Cybersecurity Report Highlights Best Practices for Managing AI Training Data
by
June 10, 2025
Cybersecurity agencies in the US, UK, Australia, and New Zealand recently collaborated on a new Cybersecurity Information Sheet (CIS). The CIS discusses cybersecurity risks and best practices for managing data sets used to train AI. Here are five of the best practices the report identifies, as summarized in a recent A&O Shearman memo:
- “Source reliable data: use trusted, authoritative data sources and implement tracking systems to identify the origin of any data being used. Cryptographical tools can used to check for corruption of data sets.
- Use trusted computing systems: use a computing system that does not automatically trust any user or device (even if they come from within a known network).
- Data encryption: use sophisticated encryption protocols for data (including when data is at rest, being transported and during processing).

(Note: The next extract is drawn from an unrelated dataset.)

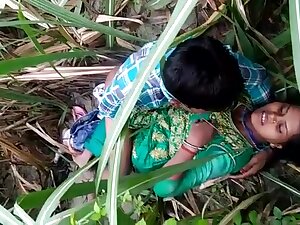 Dehati Lovers Having Sex In A Grass Field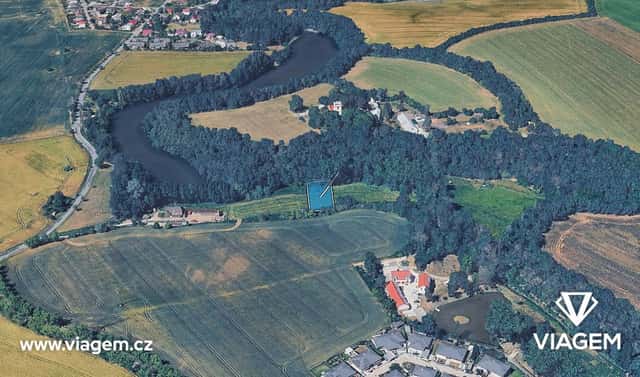 Prodej pole 1 032 m², Praha 10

AES-256 encryption is the industry standard as it is considered to be quantum-resistant.
- Preserve privacy: use data anonymisation and depersonalisation techniques to protect sensitive information, such as data masking, which involves replacing sensitive data with other (realistic) information or federated learning, which allows AI systems to be trained over several datasets.
- Carry out data security risk assessments: Data security should be regularly assessed using NIST frameworks.”
In addition to identifying best practices for data management, the CIS provides mitigation strategies for emerging risks in three key areas:
- Data supply chain – Threats associated with data sourcing and data alterations made before a developer acquires the data. These include risks from large-scale data collection and data collected and curated by third parties.
- Maliciously modified data – Deliberately manipulated data that is fed into AI systems to make them less accurate and secure.
- Data drift – Input data naturally degrades and becomes altered from the original dataset. Data drift occurs in many ordinary and predictable ways, making AI systems less accurate over time.